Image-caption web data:
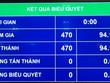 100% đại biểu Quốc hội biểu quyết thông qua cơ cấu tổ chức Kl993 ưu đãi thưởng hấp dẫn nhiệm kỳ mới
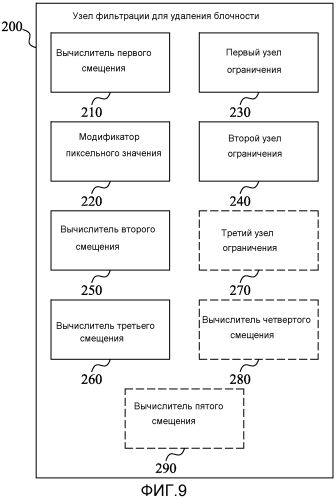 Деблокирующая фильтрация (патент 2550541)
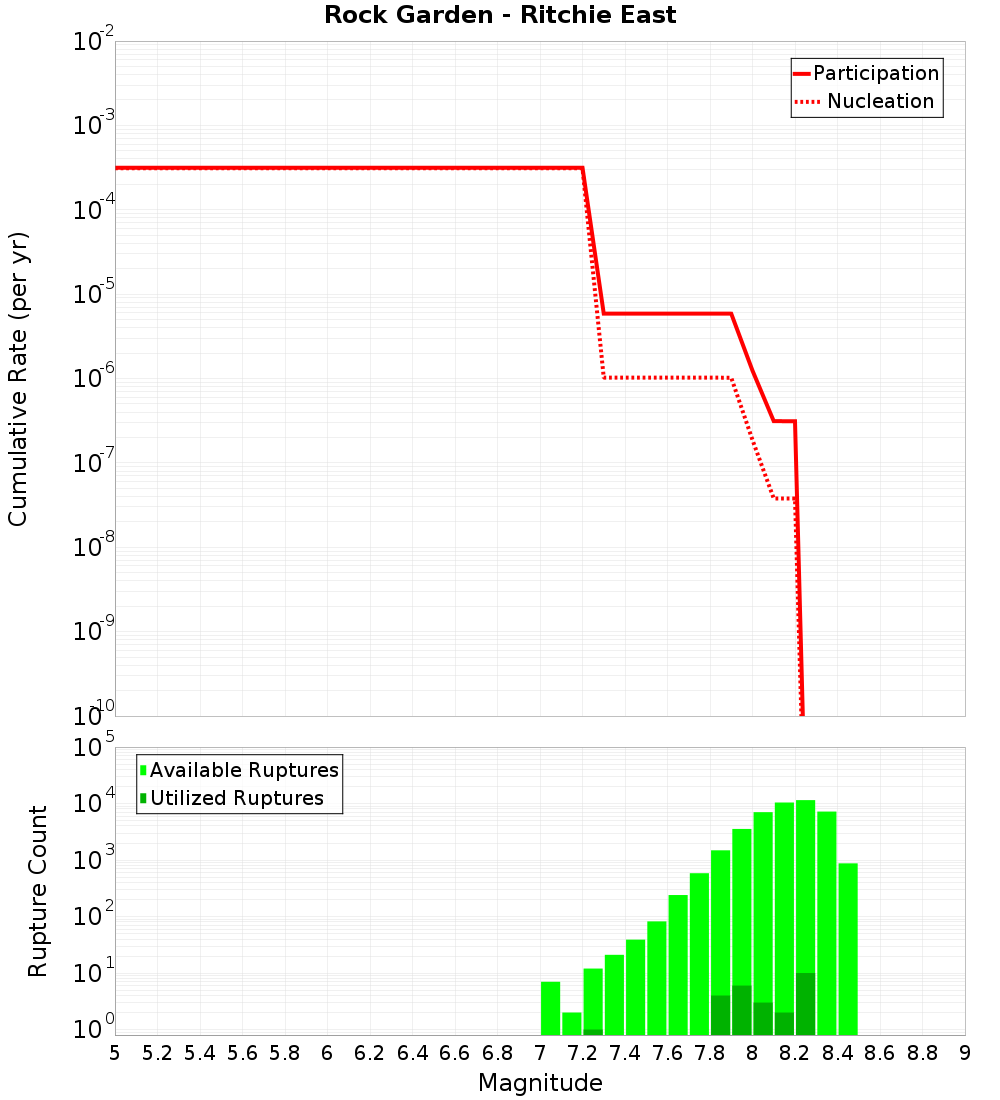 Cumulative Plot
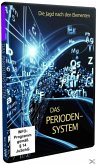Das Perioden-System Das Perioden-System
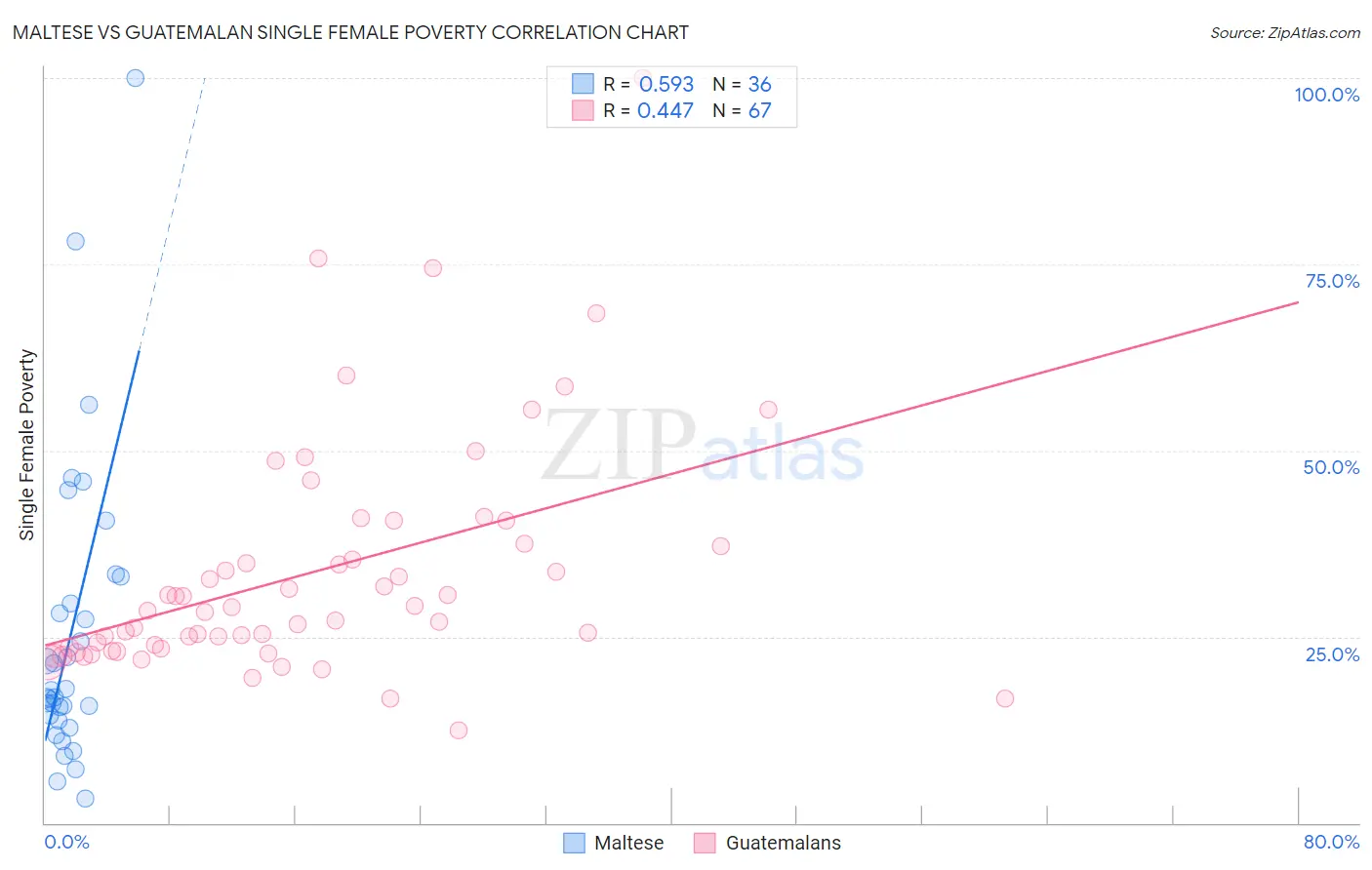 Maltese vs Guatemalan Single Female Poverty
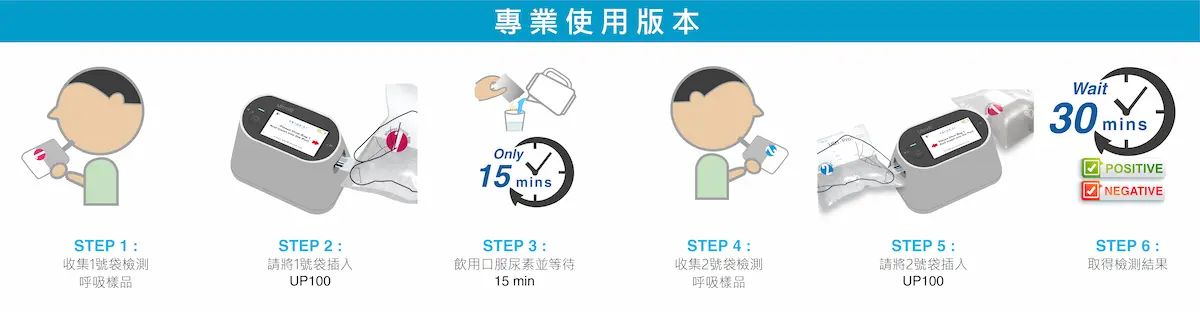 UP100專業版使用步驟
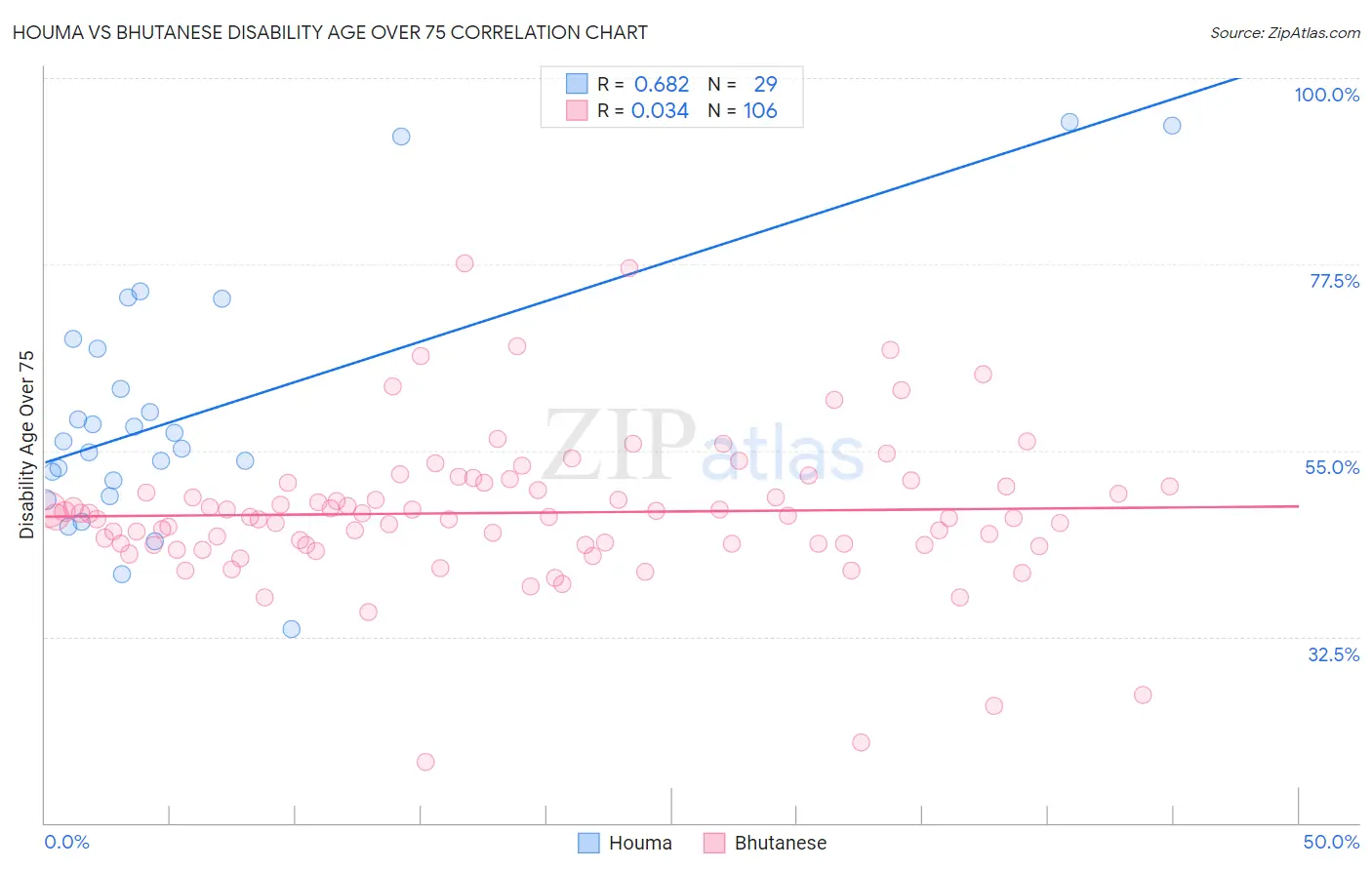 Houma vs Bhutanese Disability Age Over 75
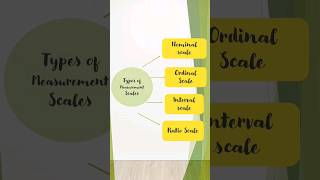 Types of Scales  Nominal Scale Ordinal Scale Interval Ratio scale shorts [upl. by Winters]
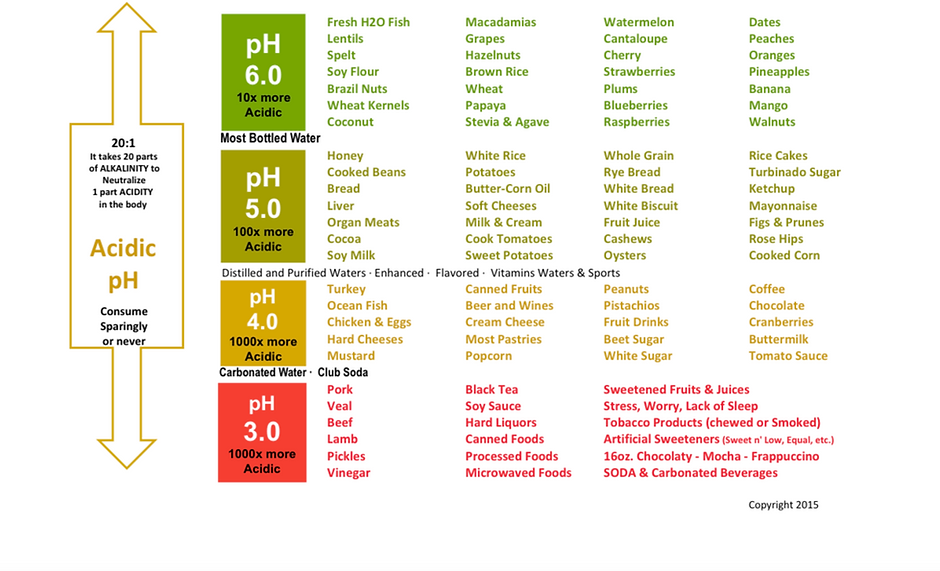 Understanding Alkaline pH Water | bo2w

| THE TASK |
In the records above, find the line with "Houma vs Bhutanese Disability Age Over 75" and copy from it through the last line exactly, without the pictures.

| SOLUTION TO THIS TASK |
 Houma vs Bhutanese Disability Age Over 75
 Types of Scales  Nominal Scale Ordinal Scale Interval Ratio scale shorts [upl. by Winters]
 Understanding Alkaline pH Water | bo2w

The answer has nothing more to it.